[PROBLEM TO WORK ON]
Only these lines, please: the first one of the records through the one containing "88m² office for", retyped exactly, both ends included and pictures omitted.

[WORKING DATA]
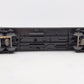 Lionel 6-81766 O Pullman Baby Madison Baggage #1955 EX/Box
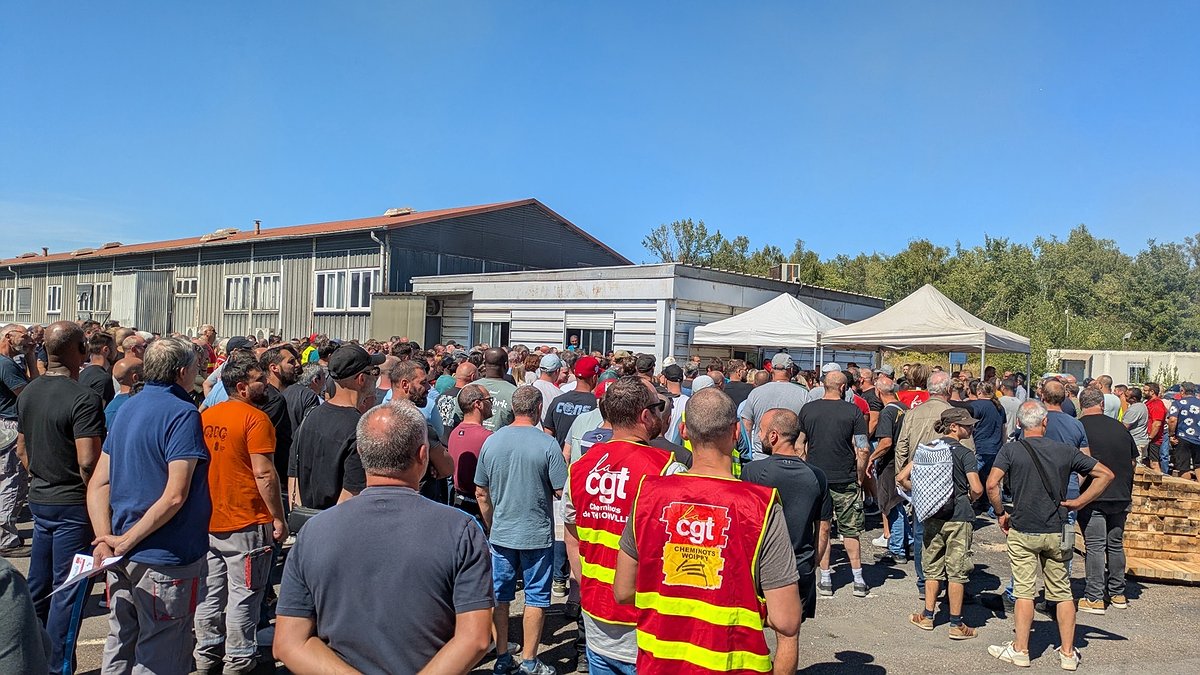 Illustration - Greybull doit payer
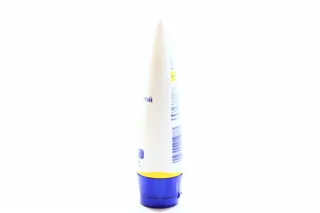 Nivea Q10 Plus Anti-Age Hand Cream 100ml — photo 3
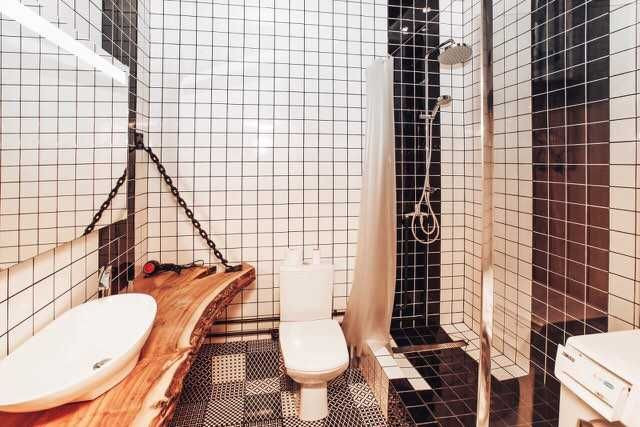 Сдам студию в аркадии, 8-я жемчужина Одесса - изображение 4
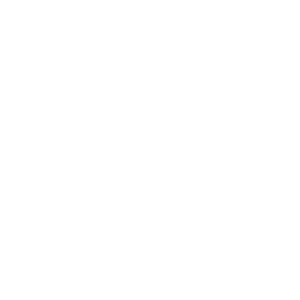 Prancheta 9
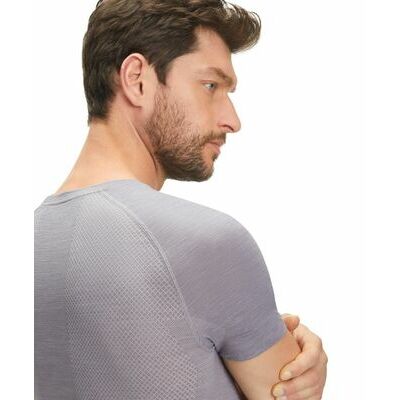 Grey-heather klik voor vergroting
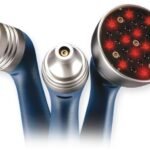 Single Laser Diode, 850 nm, 100 mW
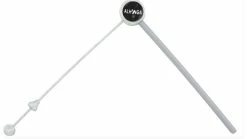 Alhonga D-Typ / 93 Mm Canti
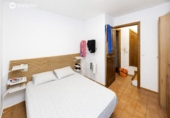 88m² office for sale in Granada, in the area of Neighborhood of the Duchess, Calle Laurel de las Tablas photo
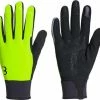 Hete verkoop π BBB Cycling ControlZone Fietshandschoenen Winter - Fiets Handschoenen Touchscreen - 5-15 C - Winddicht - Neon Geel - Maat L π 1 Hete verkoop π BBB Cycling ControlZone Fietshandschoenen Winter - Fiets Handschoenen Touchscreen - 5-15 C - Winddicht - Neon Geel - Maat L π -MGO Leisure Wear winkel 550x501 6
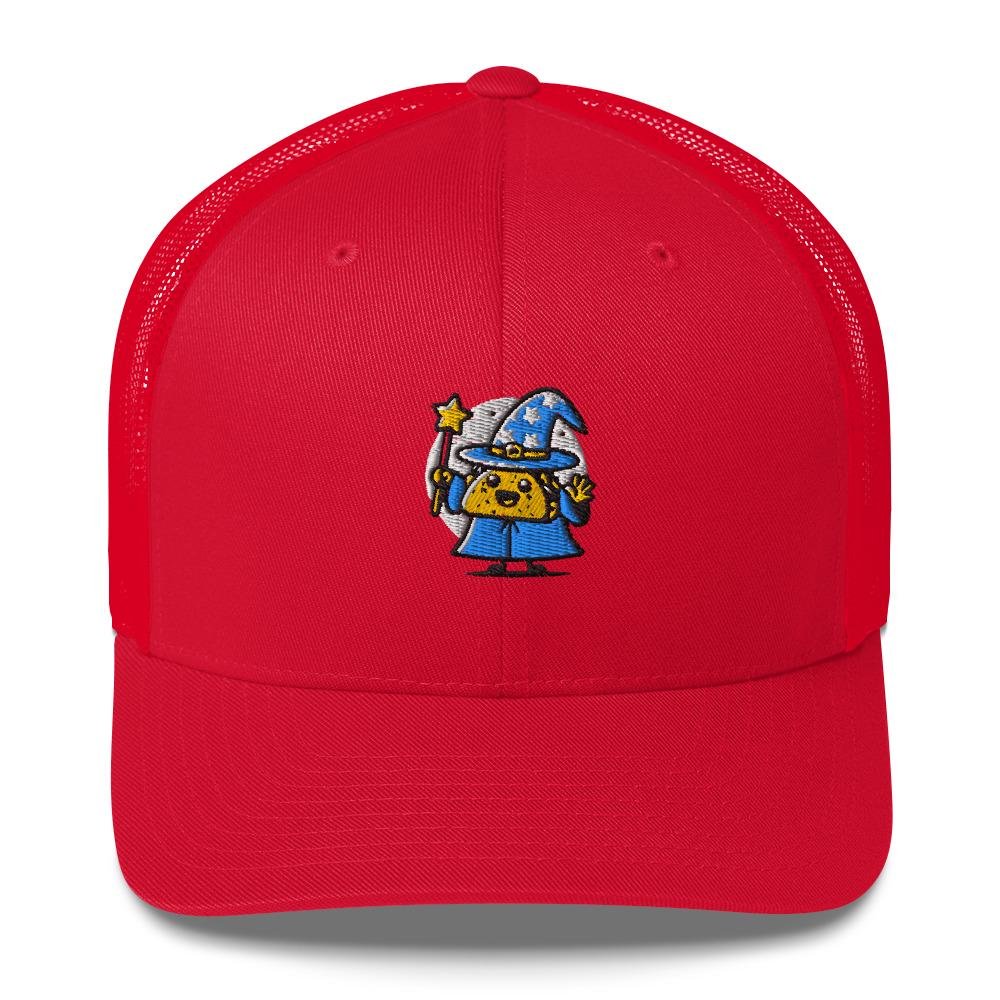 https://i.etsystatic.com/49943897/r/il/28f84d/6537161571/il_fullxfull.6537161571_rktc.jpg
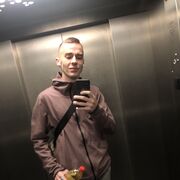  ,   , 23 ,     , c 
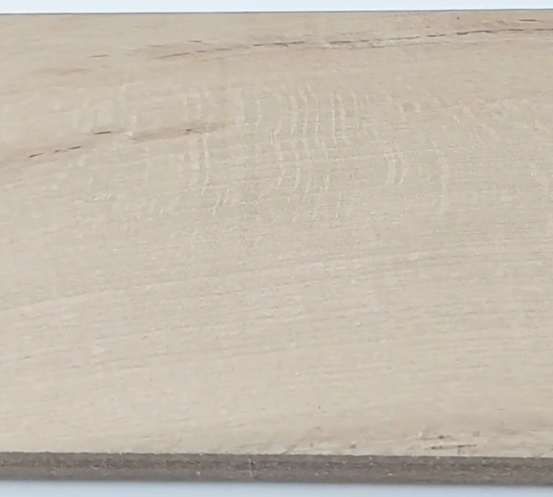 Revival Almond Chevron Silktech 11x54.png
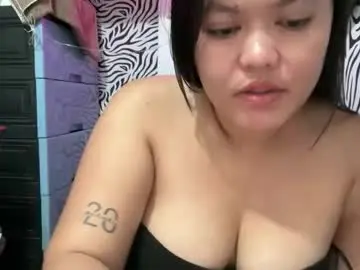 Pinay_feb  live sex cam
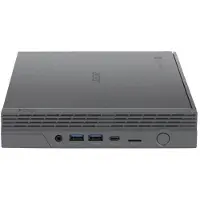Acer Chromebox CXI5 7305 4GB 128GB (DT.Z27MD.008)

[RESPONSE TO THE TASK]
 Lionel 6-81766 O Pullman Baby Madison Baggage #1955 EX/Box
 Illustration - Greybull doit payer
 Nivea Q10 Plus Anti-Age Hand Cream 100ml — photo 3
 Сдам студию в аркадии, 8-я жемчужина Одесса - изображение 4
 Prancheta 9
 Grey-heather klik voor vergroting
 Single Laser Diode, 850 nm, 100 mW
 Alhonga D-Typ / 93 Mm Canti
 88m² office for sale in Granada, in the area of Neighborhood of the Duchess, Calle Laurel de las Tablas photo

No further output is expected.